According to the Board’s rules of procedure, the Board shall review amongst others the following tasks:

  • guides and supervises the Company’s CEO;
  • reviews and approves the financial statements;
  • convenes the General Meeting of the Shareholders and prepares the items to be resolved in it, i.e. the proposal on distributing dividends;
  • confirms the Company’s strategy, strategic priorities and long-term financial targets;
  • confirms annually the rules of procedure of the Board of Directors;
  • confirms the Audit Committee’s rules of procedure;
  • confirms the annual plan supporting achievement of long term targets based on strategic priorities and the investment, financing and result budget for implementing it, as well as follows their implementation in the long term and on an annual basis;
  • defines the Company’s dividend policy;
  • reviews and approves business acquisitions and arrangements and other significant decisions;
  • nominates and dismisses the CEO and decides on the terms of the CEO’s service;
  • confirms the members of the Executive Board and direct reports of the CEO based on the proposals of the CEO;
  • confirms the incentive programs and remuneration principles of the CEO and other members of the management;
  • confirms the Statement of Corporate Governance after it has been prepared in the Audit Committee;
  • confirms other than financial reporting when it has been reviewed in the Audit Committee;
  • confirms the declaration of remuneration and incentives;
  • confirms the insider guidelines and practices concerning related parties, as well as monitors their implementation;
  • decides on the disclosure policy and monitors its implementation.

Meetings and decision-making

The Board of Directors holds a necessary amount of meetings, usually 6–8 meetings per year. The timings of the meetings of the Board of Directors will be confirmed in advance for the financial period. If necessary, the Board of Directors shall hold additional meetings. At least one of the meetings shall focus on strategy and in at least one of the meetings the Board of Directors shall meet the auditor.
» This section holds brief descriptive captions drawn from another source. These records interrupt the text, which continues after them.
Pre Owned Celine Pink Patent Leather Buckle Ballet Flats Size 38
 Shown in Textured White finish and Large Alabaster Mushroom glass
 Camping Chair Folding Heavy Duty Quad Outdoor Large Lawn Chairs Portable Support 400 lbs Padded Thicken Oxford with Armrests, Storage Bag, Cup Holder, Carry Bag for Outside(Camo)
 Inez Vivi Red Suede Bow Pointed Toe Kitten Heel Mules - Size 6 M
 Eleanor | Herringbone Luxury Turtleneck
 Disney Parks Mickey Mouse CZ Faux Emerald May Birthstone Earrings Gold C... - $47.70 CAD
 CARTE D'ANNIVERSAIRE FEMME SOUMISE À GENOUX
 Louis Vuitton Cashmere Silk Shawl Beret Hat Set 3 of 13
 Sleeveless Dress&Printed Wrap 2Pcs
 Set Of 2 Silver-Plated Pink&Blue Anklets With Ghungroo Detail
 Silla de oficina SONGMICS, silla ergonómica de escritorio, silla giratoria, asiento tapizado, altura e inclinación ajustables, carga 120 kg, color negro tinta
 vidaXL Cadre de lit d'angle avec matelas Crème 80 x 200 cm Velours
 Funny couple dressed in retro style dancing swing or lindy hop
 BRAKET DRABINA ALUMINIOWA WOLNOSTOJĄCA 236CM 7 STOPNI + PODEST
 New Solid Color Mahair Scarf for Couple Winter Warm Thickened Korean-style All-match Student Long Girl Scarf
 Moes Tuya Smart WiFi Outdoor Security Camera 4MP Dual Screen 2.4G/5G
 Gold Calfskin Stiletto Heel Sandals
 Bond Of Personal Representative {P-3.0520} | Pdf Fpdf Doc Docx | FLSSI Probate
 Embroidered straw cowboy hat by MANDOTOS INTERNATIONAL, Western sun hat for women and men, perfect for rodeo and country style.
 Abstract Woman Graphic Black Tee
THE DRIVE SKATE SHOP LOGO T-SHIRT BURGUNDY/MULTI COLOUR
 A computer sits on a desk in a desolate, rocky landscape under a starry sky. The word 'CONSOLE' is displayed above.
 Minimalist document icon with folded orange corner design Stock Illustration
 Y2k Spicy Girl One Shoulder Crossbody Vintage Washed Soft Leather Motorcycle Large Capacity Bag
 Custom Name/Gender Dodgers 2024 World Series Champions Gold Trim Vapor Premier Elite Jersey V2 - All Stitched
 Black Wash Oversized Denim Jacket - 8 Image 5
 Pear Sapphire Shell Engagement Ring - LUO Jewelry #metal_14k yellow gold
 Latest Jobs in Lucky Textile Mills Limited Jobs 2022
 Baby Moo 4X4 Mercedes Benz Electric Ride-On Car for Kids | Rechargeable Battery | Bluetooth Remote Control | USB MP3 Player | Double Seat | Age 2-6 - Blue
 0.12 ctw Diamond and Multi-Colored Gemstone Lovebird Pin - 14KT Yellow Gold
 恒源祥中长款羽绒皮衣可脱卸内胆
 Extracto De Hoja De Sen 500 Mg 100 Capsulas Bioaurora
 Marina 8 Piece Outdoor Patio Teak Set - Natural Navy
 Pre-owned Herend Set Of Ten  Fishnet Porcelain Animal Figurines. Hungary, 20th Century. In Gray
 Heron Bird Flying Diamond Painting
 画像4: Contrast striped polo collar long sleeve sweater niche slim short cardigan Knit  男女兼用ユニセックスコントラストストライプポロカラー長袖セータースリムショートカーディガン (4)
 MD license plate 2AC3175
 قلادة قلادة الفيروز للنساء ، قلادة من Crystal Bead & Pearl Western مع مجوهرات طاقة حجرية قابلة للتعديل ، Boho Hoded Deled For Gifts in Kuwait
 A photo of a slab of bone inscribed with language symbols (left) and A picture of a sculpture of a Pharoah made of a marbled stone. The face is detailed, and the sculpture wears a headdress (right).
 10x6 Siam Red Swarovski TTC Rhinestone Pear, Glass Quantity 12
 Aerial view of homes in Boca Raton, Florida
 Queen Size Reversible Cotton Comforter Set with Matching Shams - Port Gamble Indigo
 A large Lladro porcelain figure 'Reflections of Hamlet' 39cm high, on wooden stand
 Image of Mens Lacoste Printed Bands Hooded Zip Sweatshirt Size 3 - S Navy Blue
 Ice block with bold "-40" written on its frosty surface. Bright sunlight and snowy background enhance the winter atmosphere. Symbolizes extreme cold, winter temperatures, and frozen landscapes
The material of the meetings of the Board of Directors shall be provided for the members of the Board of Directors well on time before the meeting.

Silmäasema is responsible for ensuring that all Board members receive sufficient basic information on the Company’s operations, operating environment and financial position, and that a new Board member is inducted into the Company’s operations.

In addition to the Board of Directors, the Company’s CEO, CFO and a potential secretary of the Board of Directors or an external judicial advisor, as per the consideration of the Board of Directors, shall attend the meetings.

The Company’s CEO and the secretary of the Board of Directors together with the Chair of the Board of Directors are responsible for preparing the meetings and drafting the agenda.

The Board of Directors has a quorum when more than half of its members are present. Decisions are based on absolute majority. In the event of a tie, the Chair has the casting vote.

Principles on composition, diversity, independence of the Board of Directors

The overall aim of the Board’s composition is to achieve sufficiently extensive qualifications, expertise and experience. The sufficient diversity of the Board of Directors, including age and gender, as well as educational and professional background, is taken into account in the preparation of a proposal for the composition of the Board of Directors. The Board of Directors must have both male and female members.

The proposal on the Board composition will be prepared by the nomination committee consisting of persons appointed by the three largest shareholders and the Chair of the Board of Directors.

The Board of Directors must evaluate the independence of its members. The majority of the members must be independent of the Company. At least two of the members representing this majority shall also be independent of significant shareholders of the Company.

Self-evaluation

The Board of Directors evaluates its operation and working methods annually and performs a self-evaluation concerning them once per year. The Board of Directors carried out its latest self-evaluation in January 2018. The self-evaluation is based on a survey followed by the Board’s review of the survey results and further action.